Disappointing earnings reports from some of the world's biggest tech
companies and fresh emission-test troubles for Europe's auto makers
meant a low-key day at the end of a positive week for the world's
main stock markets.
Wall Street, which is back near record highs, was set to reopen
virtually flat. Traders were looking over General Electric and
Honeywell earnings and waiting on manufacturing data, after
lackluster numbers from Google's parent wiped $32 billion off its
value on Thursday.
Euro zone business data earlier had showed an unexpected slowdown in
April. Meanwhile, the bloc's finance chiefs met in Amsterdam to
discuss whether Greece was making the necessary progress. The head
of the International Monetary Fund said it wasn't.
The big market move come from Japan though. A Bloomberg report that
the central bank might go further with negative interest rates
caused the yen to fall more than 1 percent, to 110.34 yen per dollar
and 124.93 to the euro.
The Bank of Japan, which meets next week, has two lending
facilities. One offers banks zero-interest funding for loans to
companies in high-growth industries and one provides zero-interest
long-term funds to banks that increase lending more generally.

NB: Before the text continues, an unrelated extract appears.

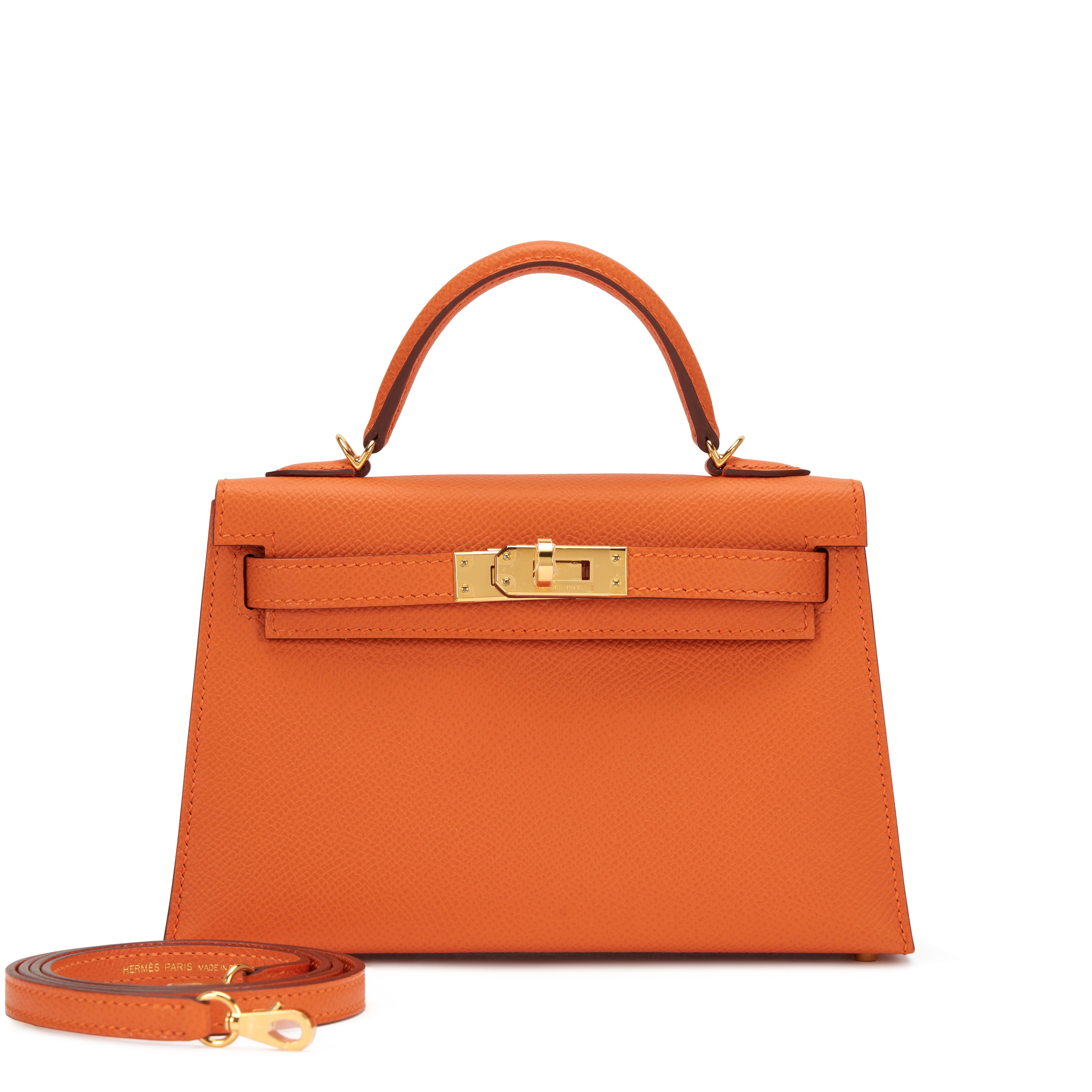 H-Inspired Orange Epsom Kelly Gold Hardware - Gorchic - $148.99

The BOJ would consider applying negative rates on both facilities,
Bloomberg reported - paying commercial banks to accept funding.
"That puts a different light on the BOJ meeting and suggests they
might be more creative than the markets had given them credit for,"
said Rabobank FX strategist Jane Foley. "Clearly we have seen the
yen suffer on the back of that."
The Federal Reserve also meets next week. Healthy markets and
reassuring data over the past month have left many investors
wondering whether they might have been too quick in pricing out an
increase in U.S. rates this year.
Manufacturing purchasing manager data in the U.S. due at 1345 GMT
will provide the latest fodder for that debate after a rebound in
ISM figures this week.
German Bund and U.S. Treasury yields were on course for weekly
gains, although they slipped on Friday in reaction to the BOJ talk.
The bond market has also been tracking oil prices because of their
impact on inflation, and crude is up by more than two-thirds from
its $27 a barrel low in January.
[to top of second column] |
CAR PROBLEMS
European shares were down 0.3 percent ahead of the U.S. open.
Car stocks fell as Daimler said it was investigating its U.S.
emissions and PSA Peugeot Citroen said it had been raided by French
anti-fraud investigators over its emissions.
In Asia, the BOJ speculation helped Tokyo's Nikkei end the day up
1.2 percent at an 11 1/2-week high.
MSCI's broadest index of Asia-Pacific shares outside Japan dropped
0.8 percent, mostly as traders cashed in on the 5 1/2-month high
reached on Thursday.
Commodity markets were also taking a breather from their recent hot
streak.
Brent crude futures hovered at just under $45 a barrel after
gains of just over 4 percent this week. U.S. crude rose 1 percent to
$43.58, up 8 percent on the week.
Among commodity currencies, the Australian dollar advanced 0.2
percent to $0.7754, off its 10-month high of $0.7836 touched the
previous day.
Gold slipped and silver pared gains as the dollar strengthened, but
both were still headed for weekly gains. Silver rose to an 11
1/2-month high earlier this week, while industrial metal copper was
set for a 4 percent weekly gain.
(Additional reporting by Marius Zaharia, editing by Larry King)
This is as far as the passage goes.